# Driftwood Issue - cleaning the pot



## DrWid (Sep 16, 2009)

I have a strange issue I need help with - I dutifully boiled a piece of new driftwood when i got it, but now I have residue from the wood stuck to the pot I used - I guess it is similar to sap - the driftwood came out great but now my pot is maybe ruined ! Any suggestions on how to clean the pot - it is an aluminum pot.


----------



## Seattle_Aquarist (Mar 7, 2008)

Hi DrWid,

A Brillo pad works really well of a fine grade of steel wool.


----------



## DrWid (Sep 16, 2009)

Roy:

Thanks for the ideas - a Brillo pad is not touching it ! The residue got really hard ! I will be trying running the pot by itself in the dishwasher on the pots and pans setting. We will see how that works. 

DrWid


----------



## griffin7882 (Apr 26, 2006)

maybe boil it again and scrub it while hot? just be careful of the heat!


----------



## Zapins (Jul 28, 2004)

Yea I ruined an aluminum pot like this too (don't use aluminum pots for boiling wood!). Basically you just have to get some steel wool and really really scrub it until your arm hurts, and then scrub it some more. It eventually comes off. You could also buff it out if you have a drill and a buffing wheel.


----------



## Tex Gal (Nov 1, 2007)

Look at this link. It says how to remove it from anything...

http://www.thriftyfun.com/tf22474082.tip.html


----------



## DrWid (Sep 16, 2009)

OK Everyone - the pot is clean ! After the dishwasher pot/pan cycle proved unsuccessful, I boiled water in it for half and hour and then tied a brillo pad to a wooden utensil and brushed away half of it that way.
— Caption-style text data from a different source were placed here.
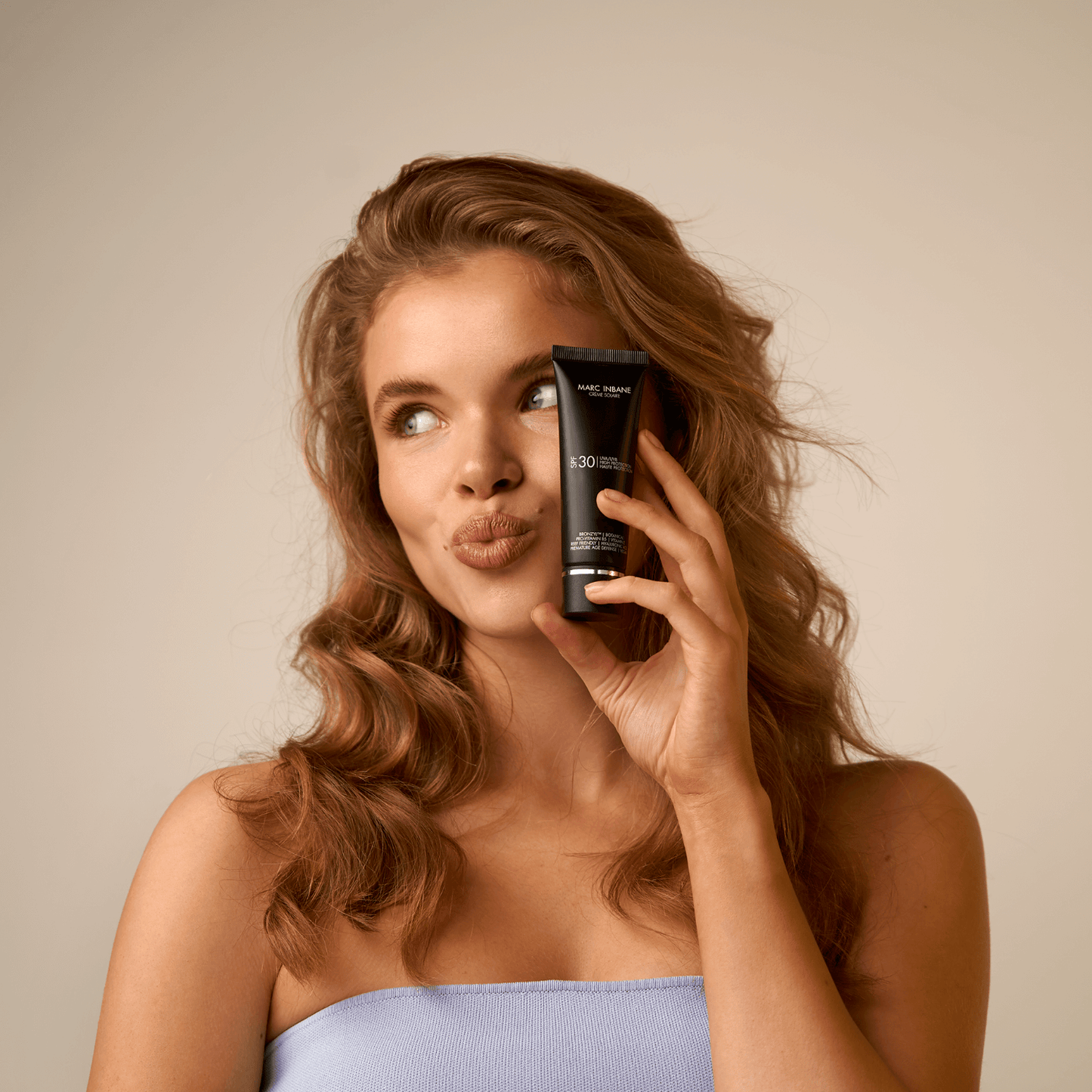 Marc Inbane Crème Solaire SPF30 med model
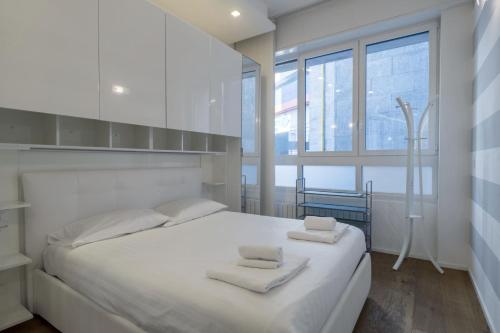 a white bedroom with a large white bed with two towels at Easylife - San Babila - Elegante e rifinito bilocale nel cuore della città in Milan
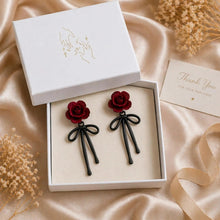Load image into Gallery viewer, Romantic red rose earrings with black ribbon, floral dangle jewelry for women, showcasing elegant jewelry design by Luxe Treasures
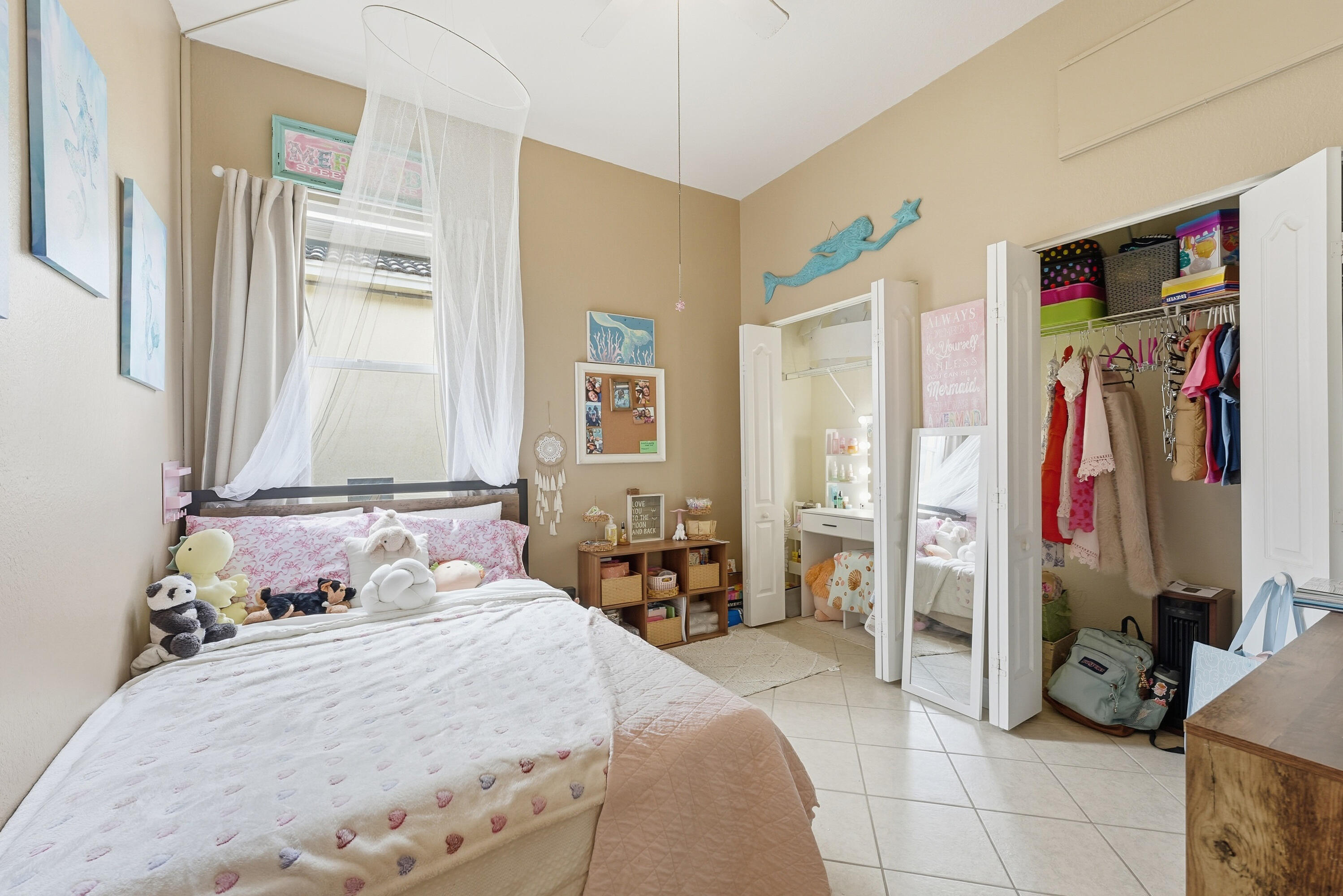 6117 Spring Lake Terrace Fort Pierce, FL 34951 - Photo 28 of 38 a bedroom with a bed and a window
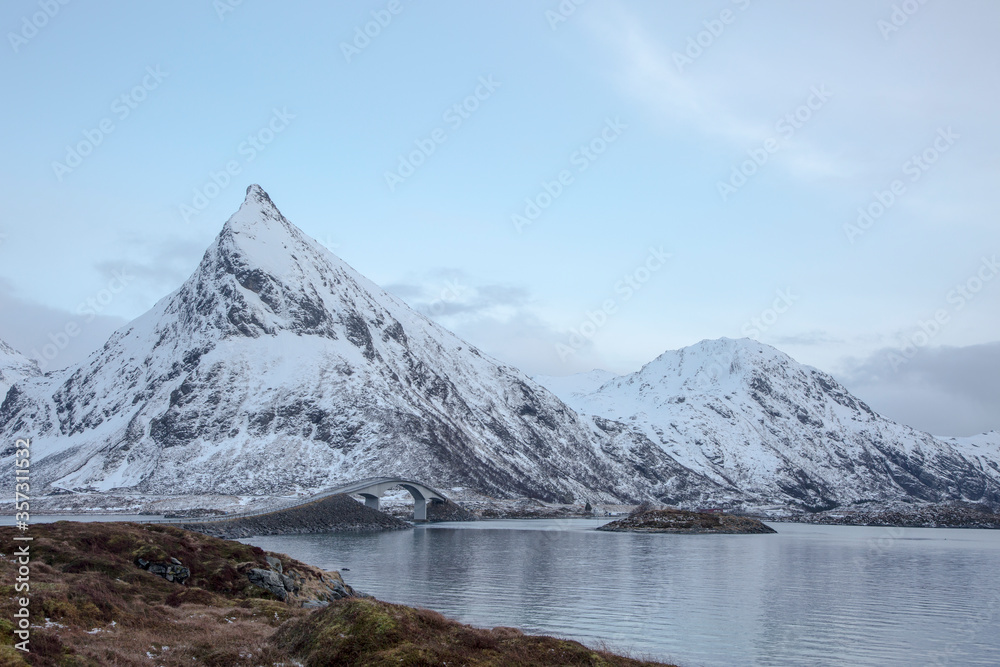 Snow covered mountains along cold lake, Lofoten Islands, Norway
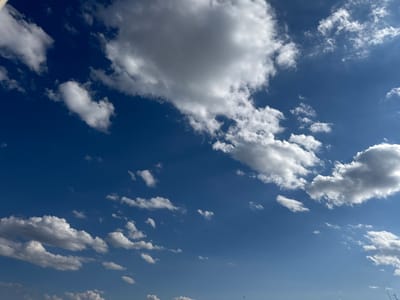 This is a photograph of a bright blue sky with scattered white clouds. Several small, dark shapes that appear to be birds are visible flying in the sky. The image was taken in Slobozhanske, Ukraine.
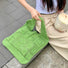 Model carrying a green Square Pattern Crochet Bag in hand, ideal for city walks and gifting.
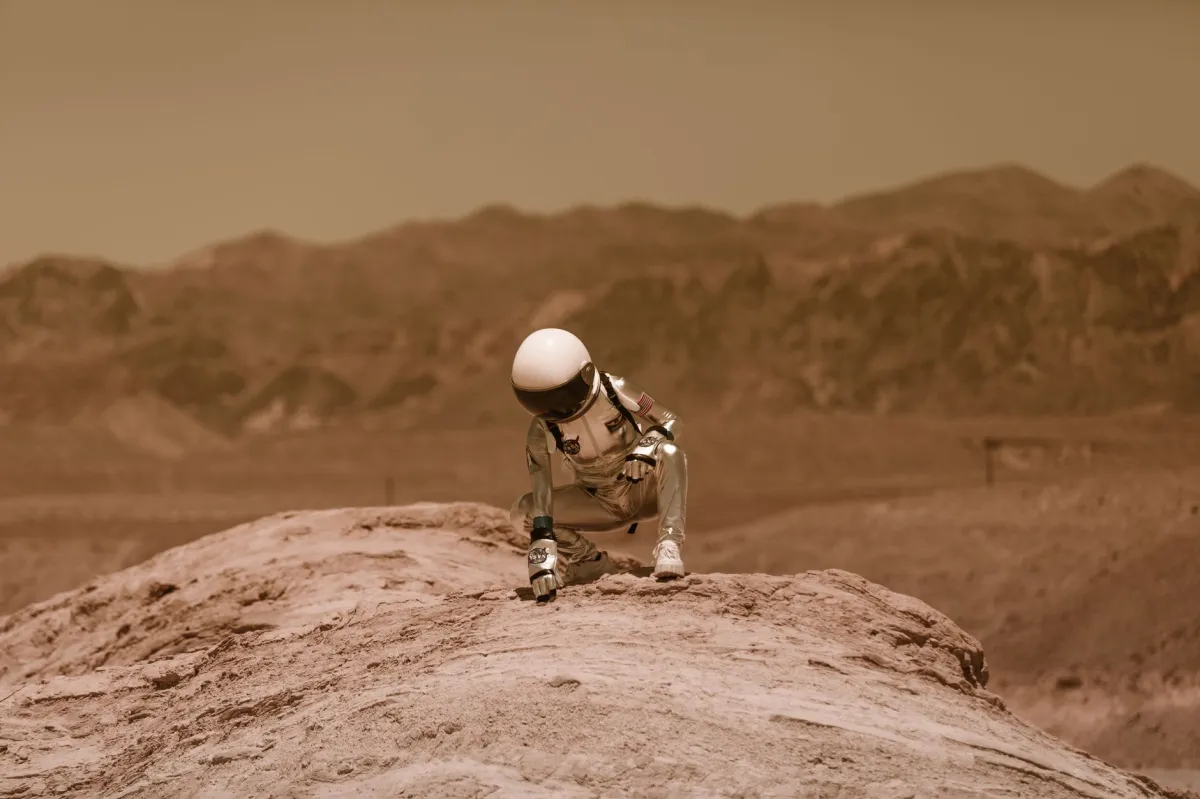 An astronaut in a space suit exploring a Mars-like desert environment, crouching on a rocky surface.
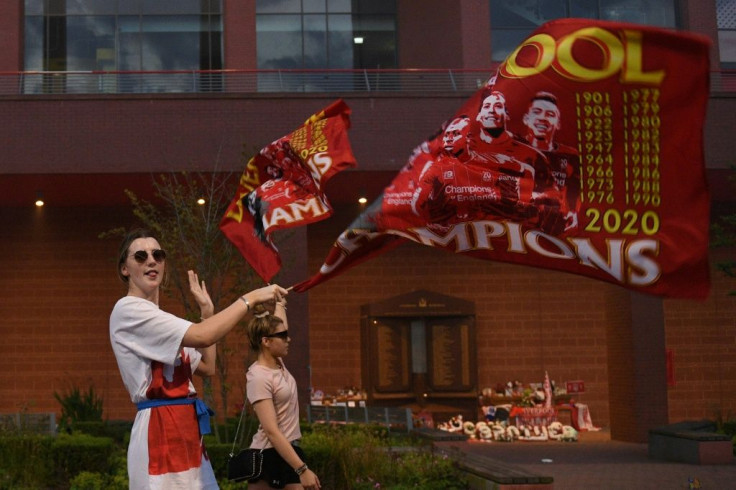 Fans in Liverpool celebrate the Premier League title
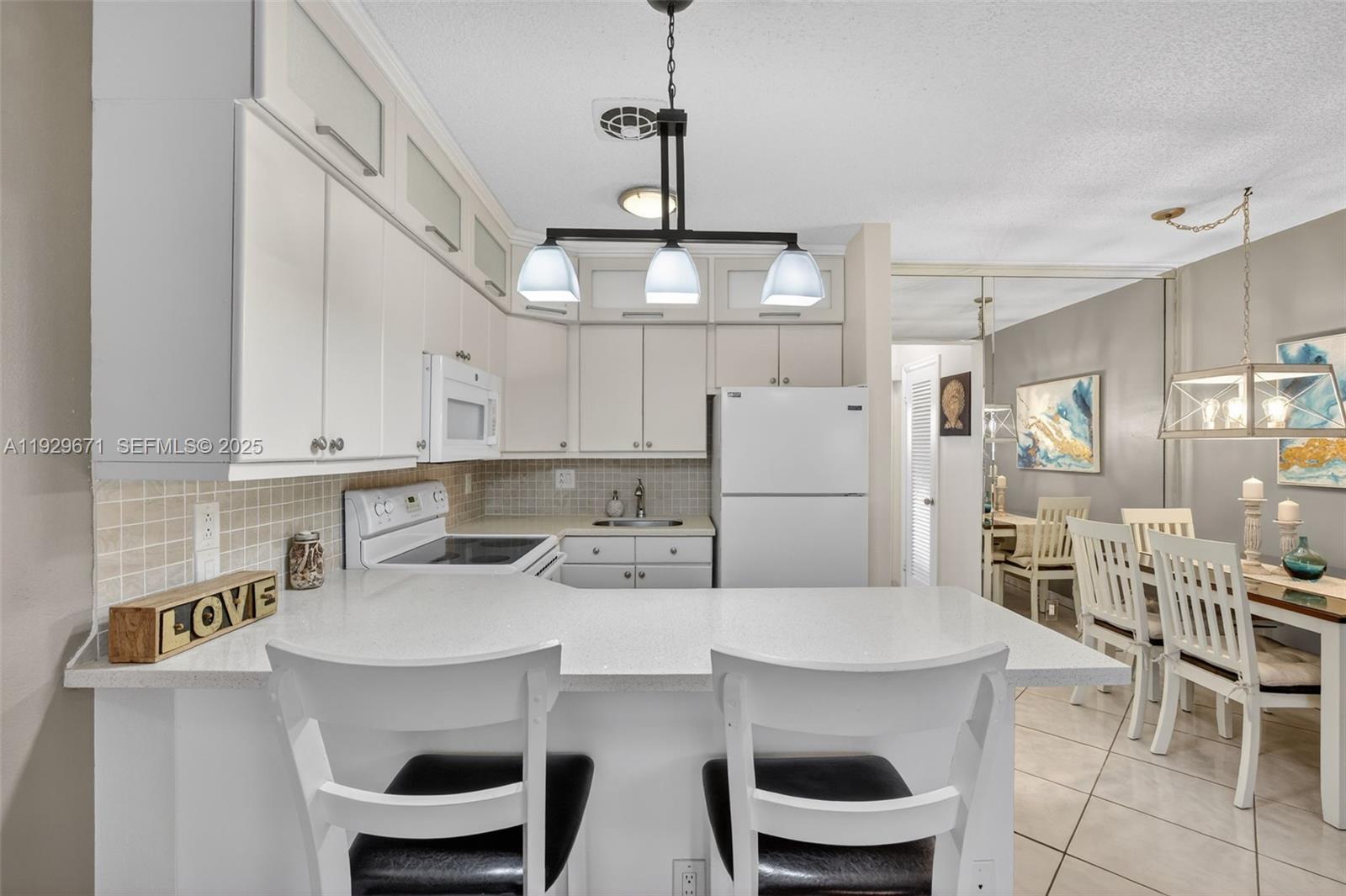 800 Southwest 10th Terrace, Unit 4T Hallandale Beach, FL 33009 - Photo 5 of 39 a kitchen with stainless steel appliances a table and chairs in it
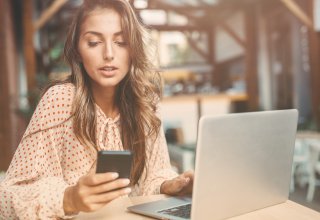 Student uses video conferencing on laptop and smartphone to communicate with online tutor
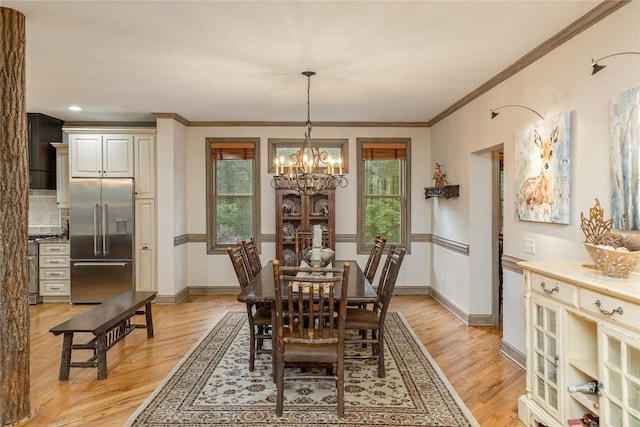614 Fairway Dr, Lake Toxaway, NC 28747 - dining room featuring light wood finished floors, a chandelier, and ornamental molding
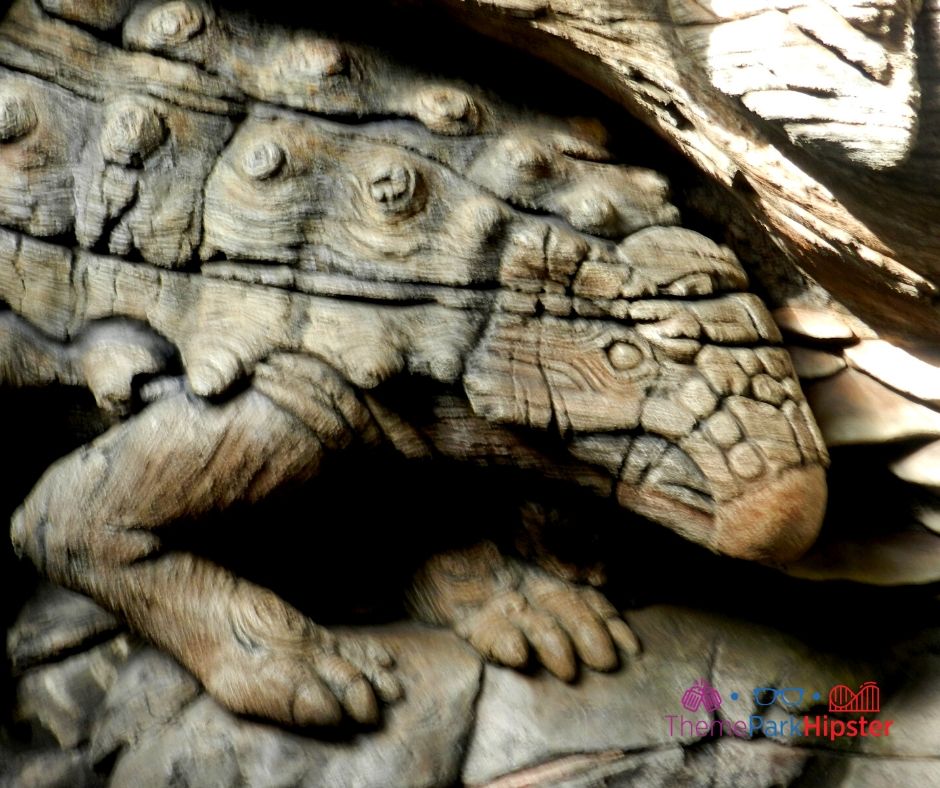 Animal Kingdom Tree of Life with Lizard Animal Carved inside of it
The rest came off with brute strength and a second brillo pad. I have learned my lesson on cooking wood on the stove! (don't plan on doing it again soon). Thanks everyone for the tips !! Talk to you soon. Zapins - thanks for the plants - arrived on Monday


----------



## JPKeenan (Aug 28, 2009)

also maybe freezing to make it hard, could chip the big stuff off.


----------